Water invasion, associated with hydraulic fracturing, often causes hydrocarbon-mobility hindrance, known as water blocking. The effect on productivity is largely dependent on saturation profiles inside fractures and formation matrix. Enhancement to hydrocarbon recovery has been reported in some field cases after shutting in wells for long time periods. Here we conduct numerical-simulation studies to investigate the effect of well shut-in on initial productivity and long-term recovery.
We replicate post-fracturing conditions with an extensive fracture network that intermeshes with formation matrix. The models are designed using either logarithmically spaced, locally refined grid or embedded discrete fracture model (EDFM). Starting with varying initial fluid distributions, we compare productivity and recovery of two cases: one that does not start production until after 32 days of shut-in, and another that starts immediately without soaking. For the initial conditions that favor shut-in, we carry out case studies in attempt to find the ideal shut-in conditions for maximum recovery improvement.

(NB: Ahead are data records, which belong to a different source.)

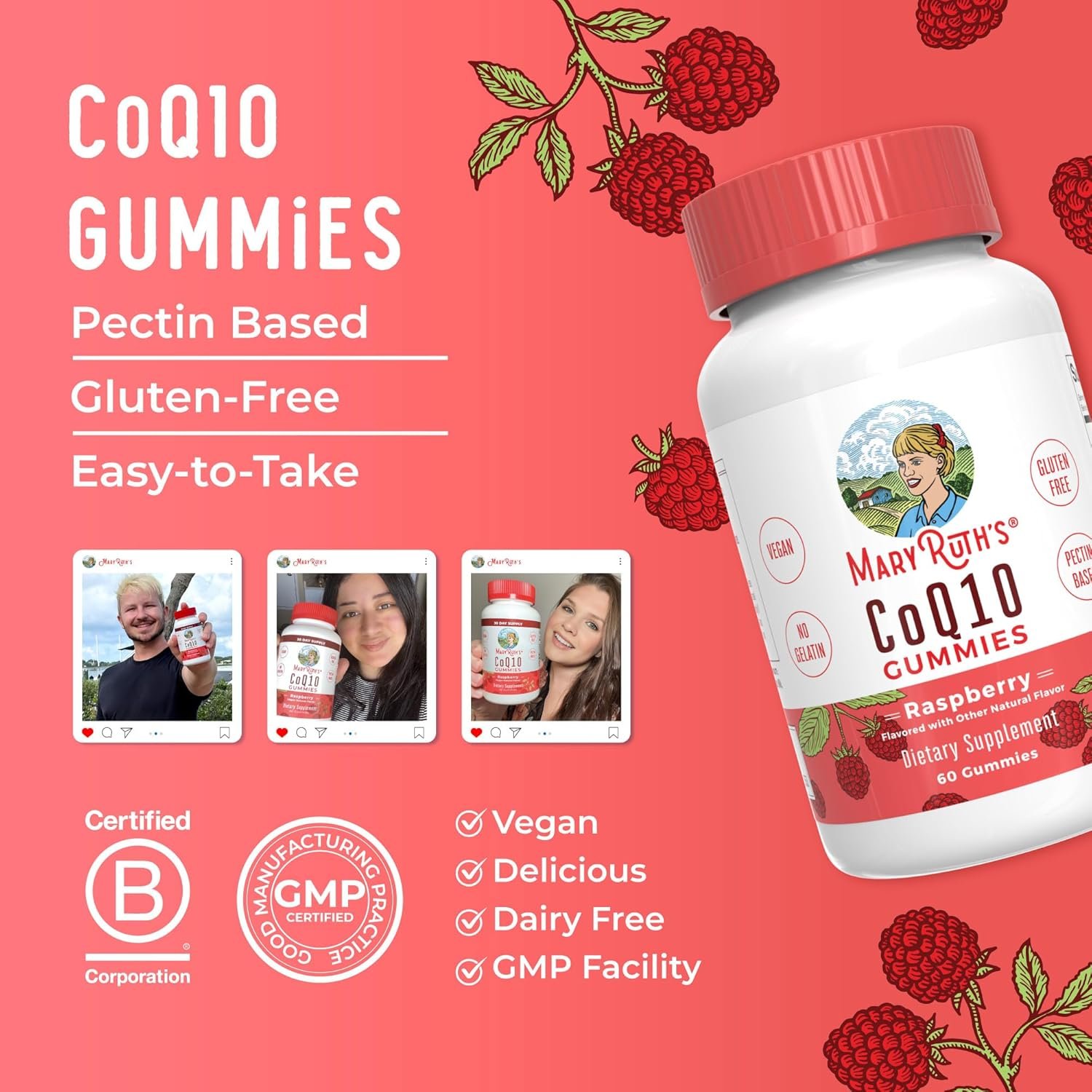 CoQ10 Gummies by MaryRuths | Coenzyme Q10 | Gummy Supplements for Heart Health Cellular Health | Antioxidant | CoQ10 120 mg | Vegan | Non-GMO | Gluten Free | 60 Count | 1 Month Supply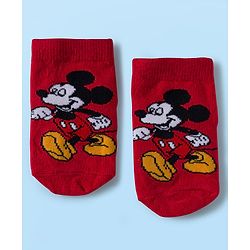 Cute Walk by Babyhug Disney Knit Ankle Length Antibacterial Socks with Mickey Mouse Graphic Pack of 5 - Red Black & White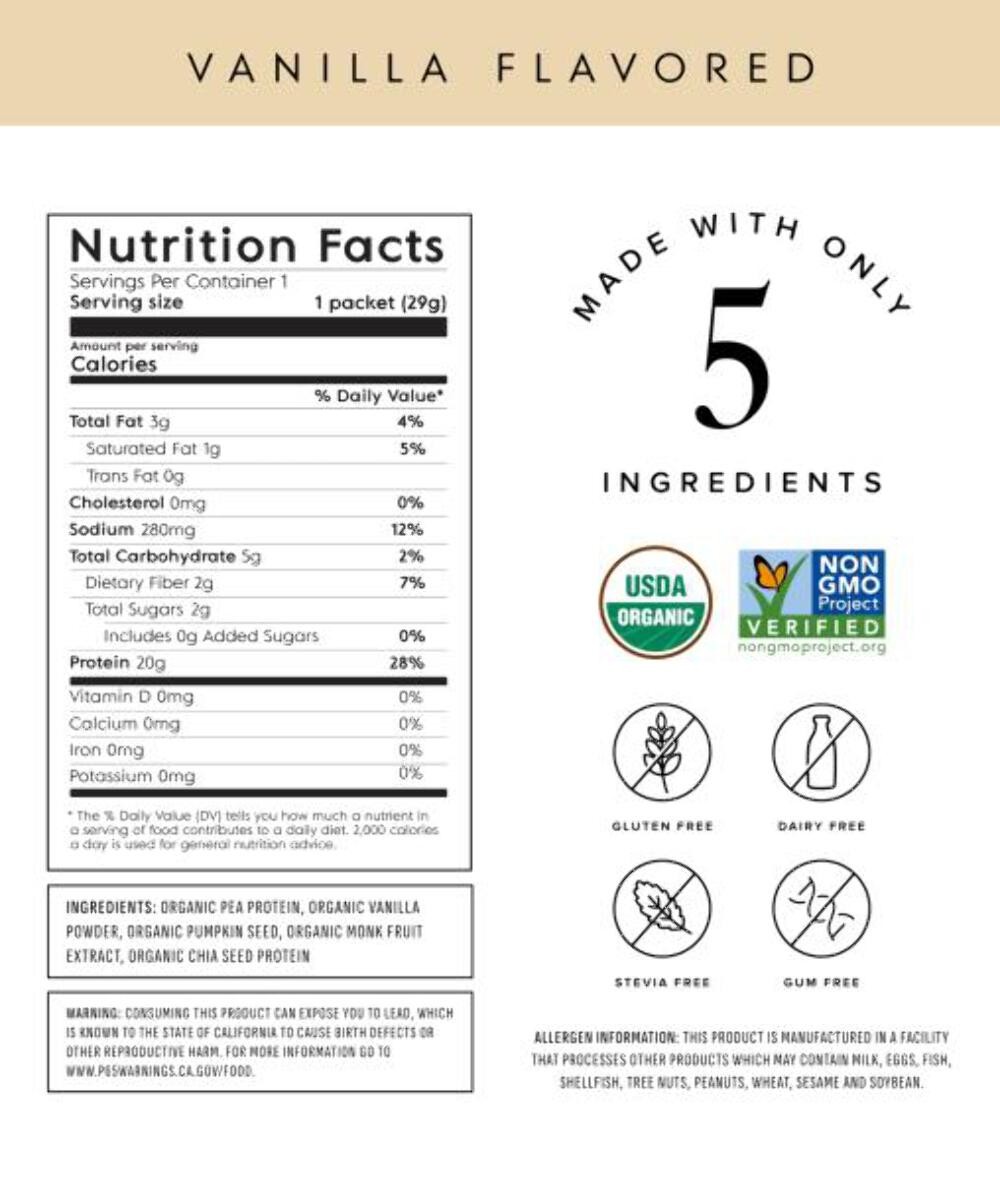 1/27 Truvani Vegan Pea Protein Powder | Vanilla | 20g Organic Plant Based Protei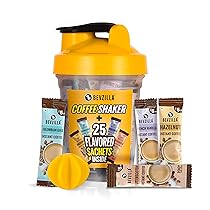 Bevzilla Instant Coffee Sachets & Shaker Pack With 25 Flavoured Coffee Sachets (2 Grams Each) And BPA Free Shaker 500 Ml For Office, School, Gym, College, Makes Cold Coffee, Frappe, Cafe Shakes At Home | English Butterscotch, Colombian Gold, French Vanilla & Turkish Hazelnut Flavour | Protein Shaker| Cold Coffee Shaker| Leak Proof | Gym Shaker Bottle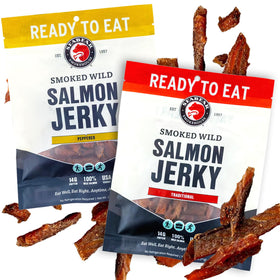 SeaBear Traditional salmon jerky bag highlights smoky, savory flavor for a quick protein snack.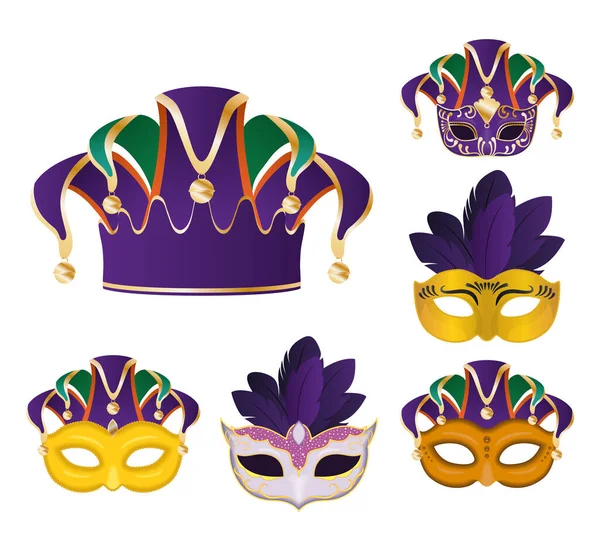 Mardi gras máscaras con plumas símbolo conjunto vector diseño — Archivo Imágenes Vectoriales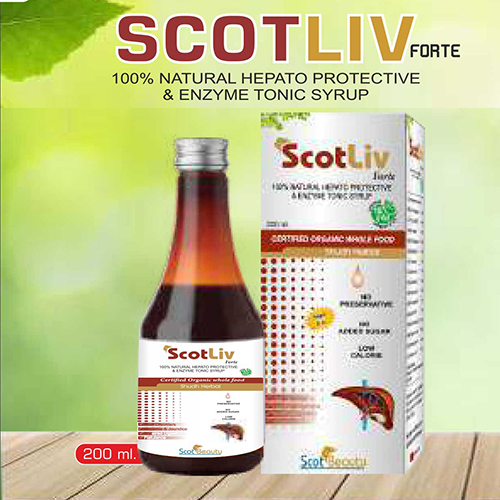 Product Name: Scotliv Forte, Compositions of Scotliv Forte are 100% Natural Hepato Protective & Enzyme Tonic Syrup - Pharma Drugs and Chemicals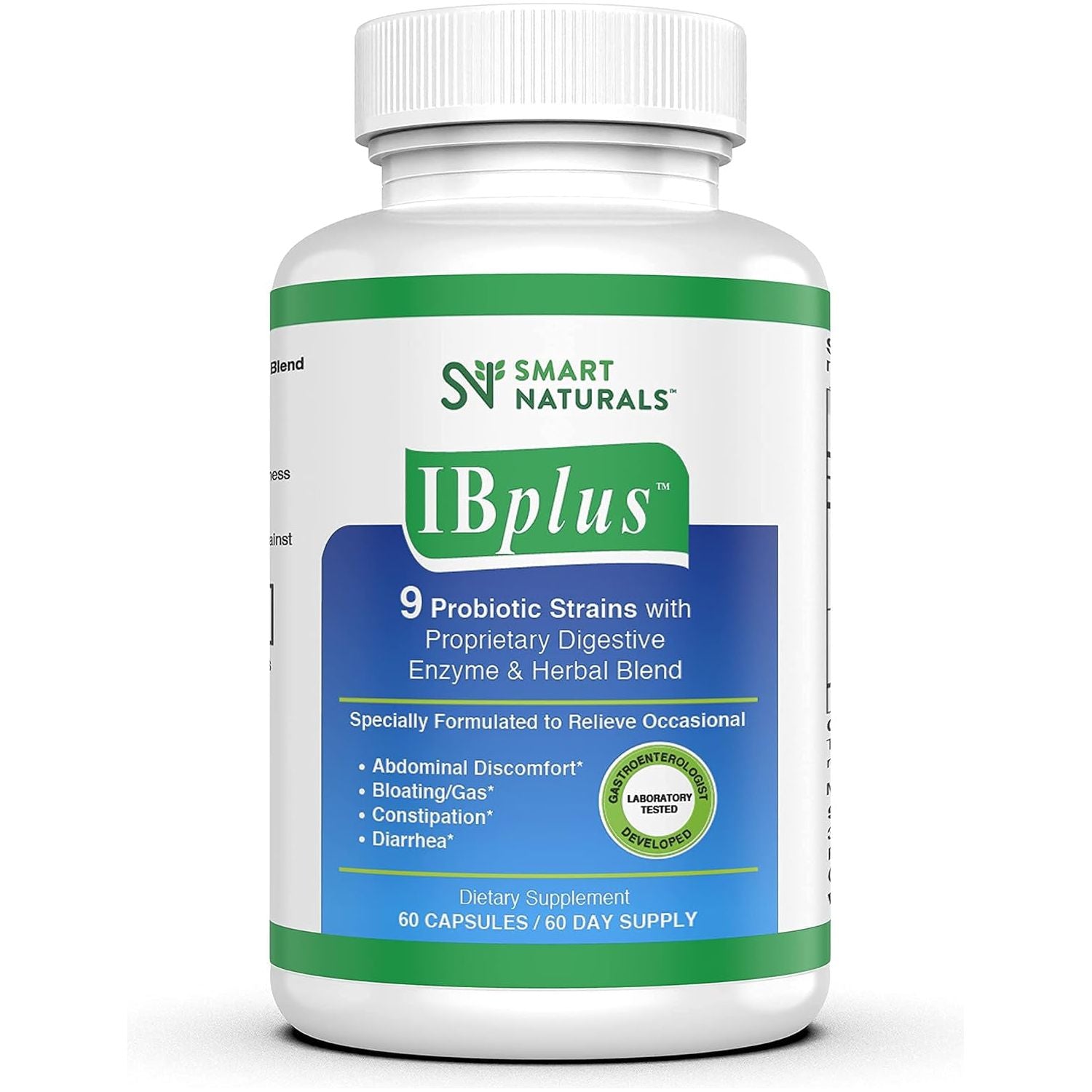 Ibplus® Probiotic, Digestive Enzyme & Herbal Blend, Improved Formula-60 Capsules!! for Irritable Bowel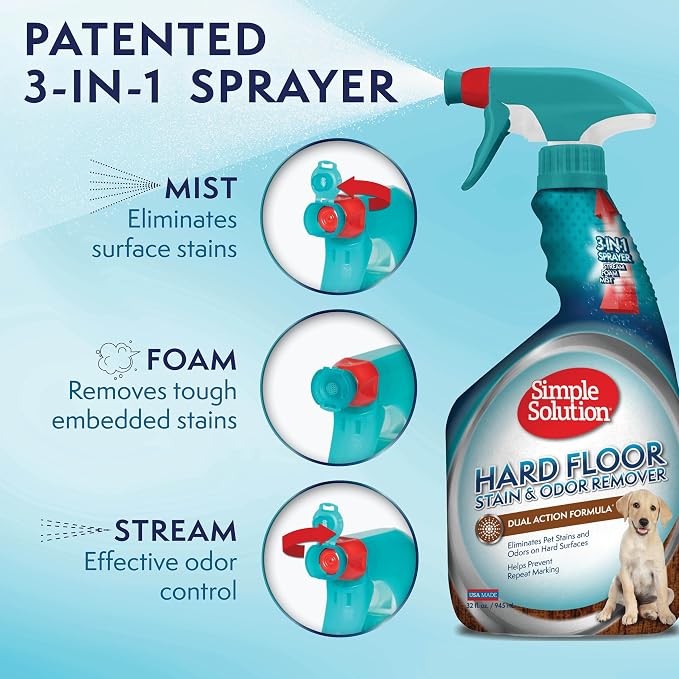 Simple Solution Hard Floor Dog Stain & Odor Remover, Enzyme Cleaner, 32oz | Dog Urine Enzyme Cleaner, Pet Floor Cleaner, Pet Cleaner Spray, Hardwood Floors, Dog Stain & Odor Remover, Pro-Bacteria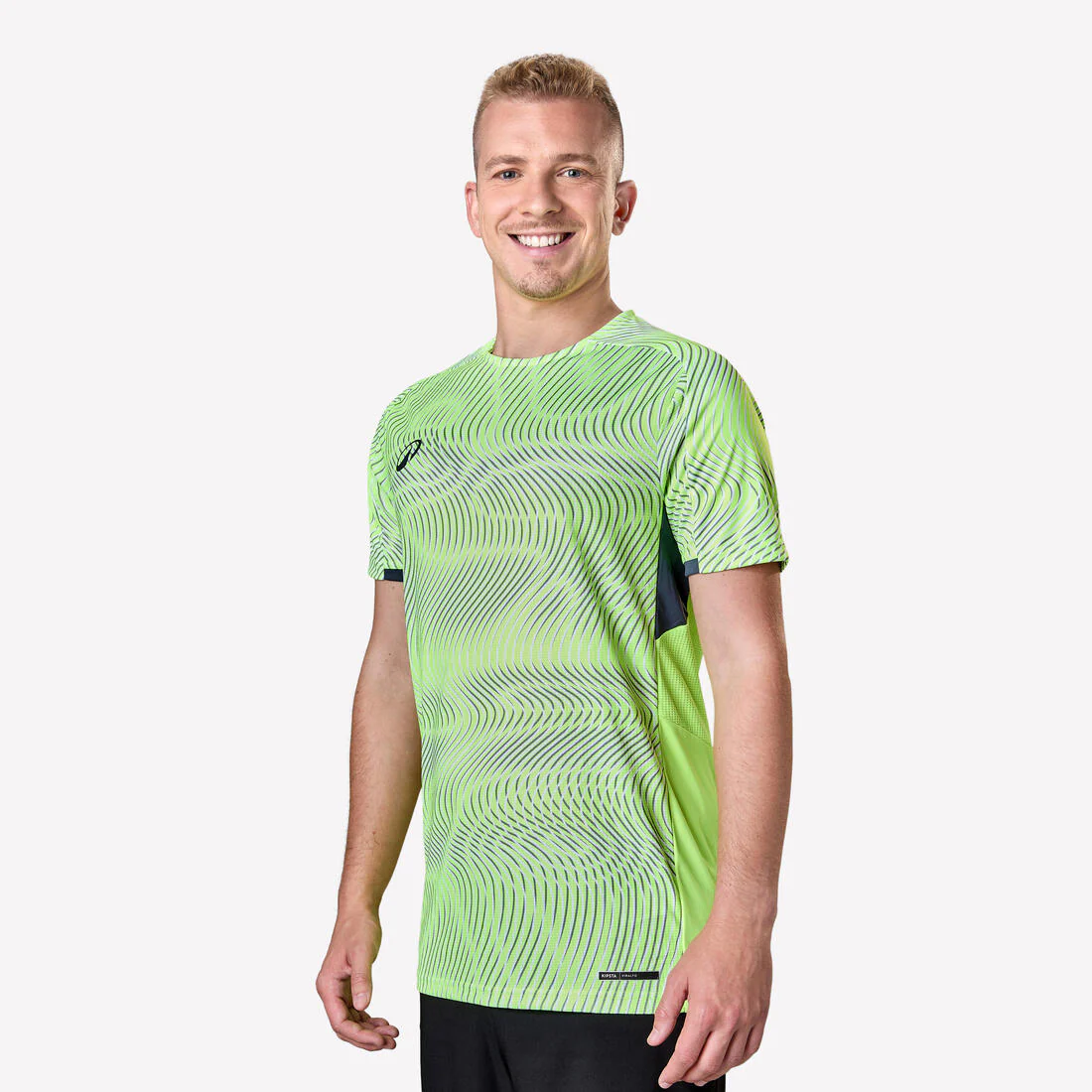 Playera de futbol de manga corta amarillo, gris y negro para adulto Viralto Wave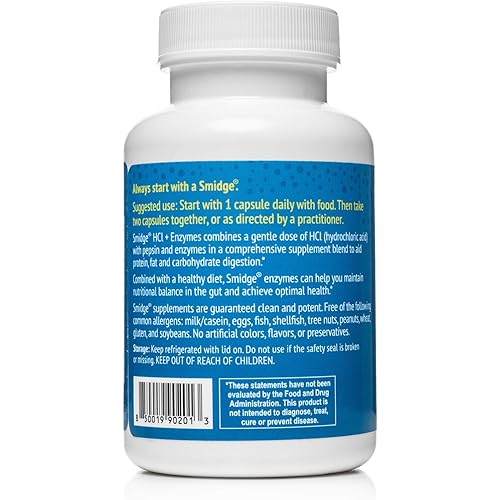Smidge™ HCl Enzymes – Digestion – 120 Capsules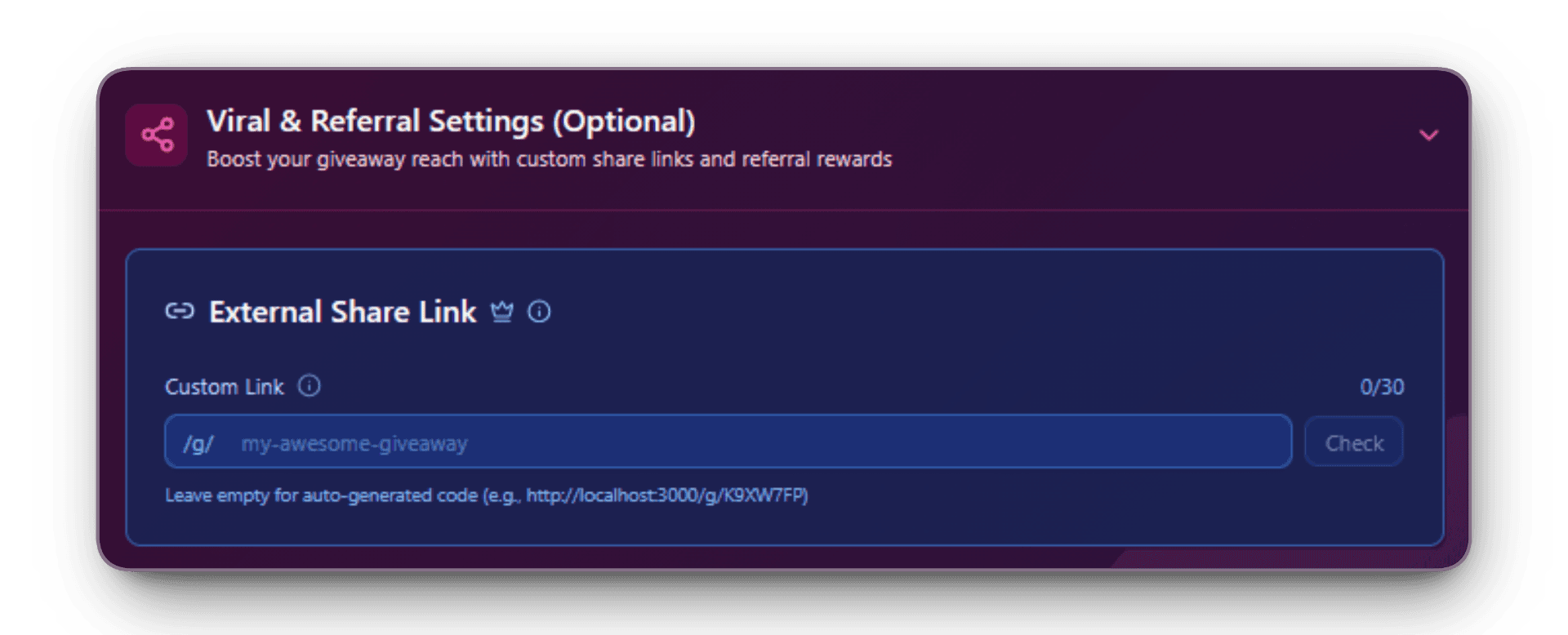 ScopliDrop custom viral share link input section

Results confirm improvement in early productivity after shut-in for all the considered initial fluid-distribution cases. The majority of cases exhibit net gain in total oil recovery. We report improvement in recovery of as much as 5%, owing to spontaneous imbibition. Imbibition of the injected water into formation matrix causes fluid redistribution and favored mobility for the non-wetting phase, and hence enhanced hydrocarbon productivity. The simulations take into account spontaneous imbibition and gravity segregation, but do not consider geo-mechanical forces, water adsorption or chemical reactions. When capillary forces are neglected, well productivity and recovery decrease, even when the well is not shut in. Such observations underline imbibition counter-current flow as an important production mechanism that should not be neglected in shale-oil-reservoir simulations.